To do: Would you transcribe each entry that follows word for word, minus the images?

Dataset extract:
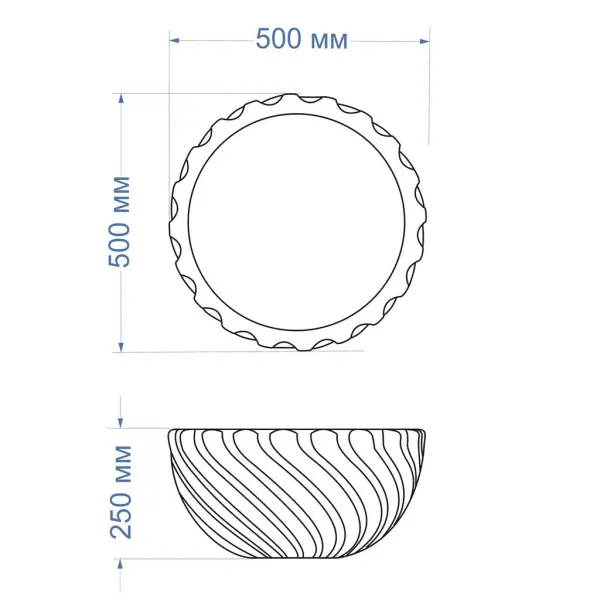 Курна мраморная КМ60 (500х500х250) вес 48 кг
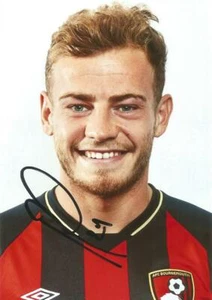 BOURNEMOUTH: RYAN FRASER SIGNED 6x4 2018/2019 PORTRAIT PHOTO + COA - Bild 1 von 1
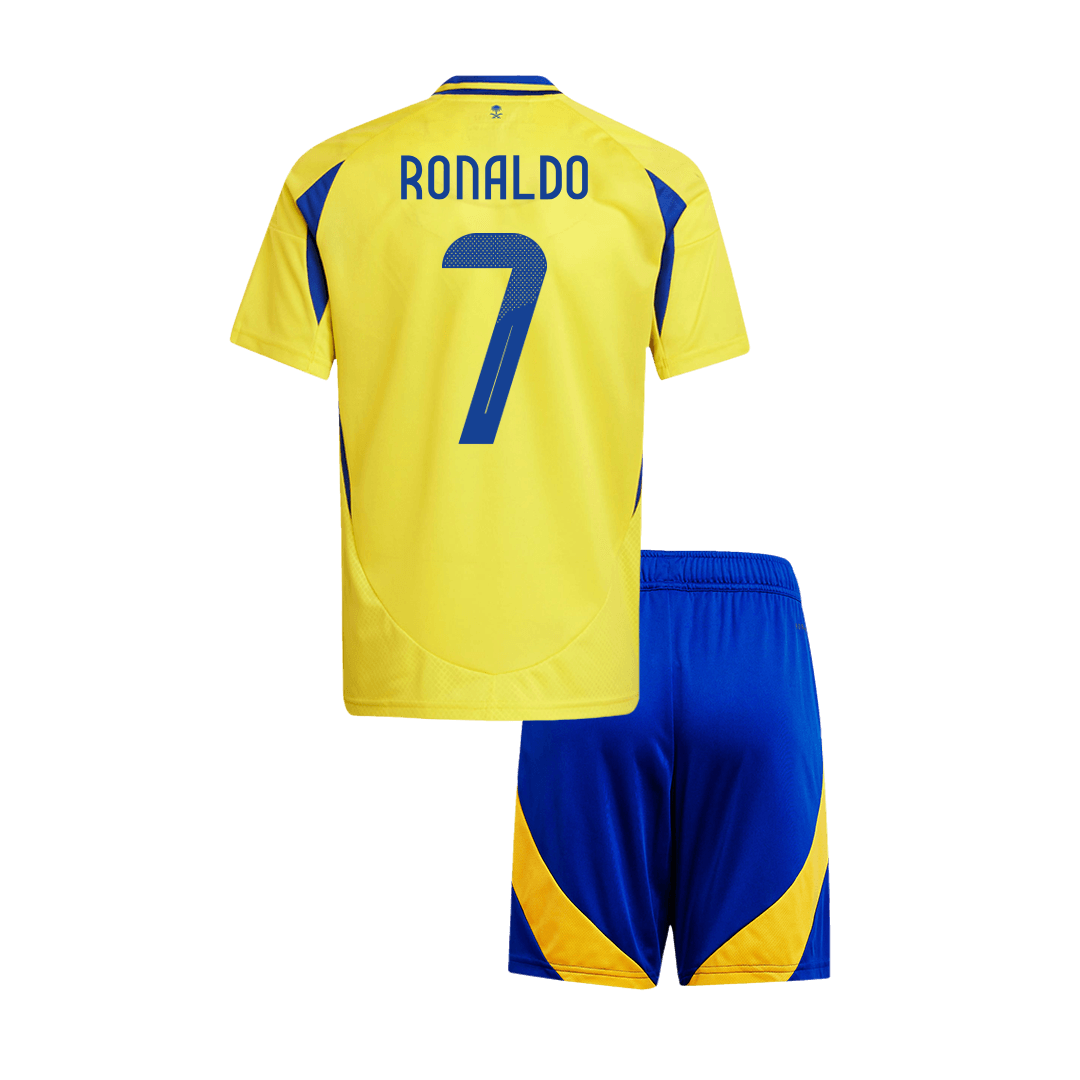 RONALDO #7 Al Nassr Home Kids Soccer Jerseys Kit - ACL - gogoalshop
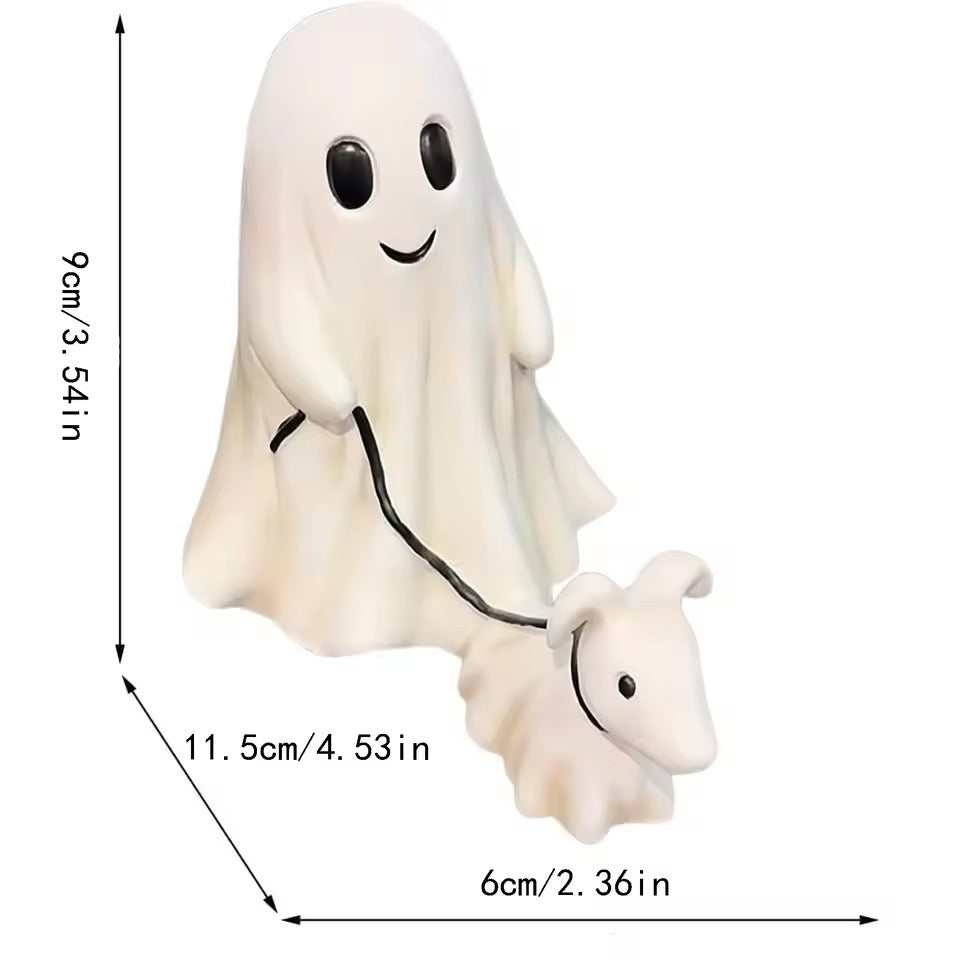 Funny Halloween Ghost Statue, Middle Finger Ghost Decoration, Cute Spooky Halloween Decor, Indoor Halloween Fireplace Ornament, Halloween Home Decoration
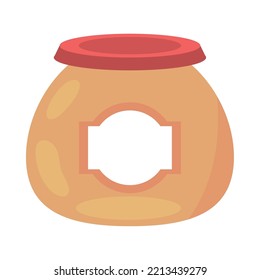 honey container icon flat isolated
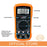 PEAKMETER PM8233B Pocket Size LCD Display Digital Multimeter AC / DC Voltage Tester with Backlit - 4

Answer to this problem:
 Курна мраморная КМ60 (500х500х250) вес 48 кг
 BOURNEMOUTH: RYAN FRASER SIGNED 6x4 2018/2019 PORTRAIT PHOTO + COA - Bild 1 von 1
 RONALDO #7 Al Nassr Home Kids Soccer Jerseys Kit - ACL - gogoalshop
 Funny Halloween Ghost Statue, Middle Finger Ghost Decoration, Cute Spooky Halloween Decor, Indoor Halloween Fireplace Ornament, Halloween Home Decoration
 honey container icon flat isolated
 PEAKMETER PM8233B Pocket Size LCD Display Digital Multimeter AC / DC Voltage Tester with Backlit - 4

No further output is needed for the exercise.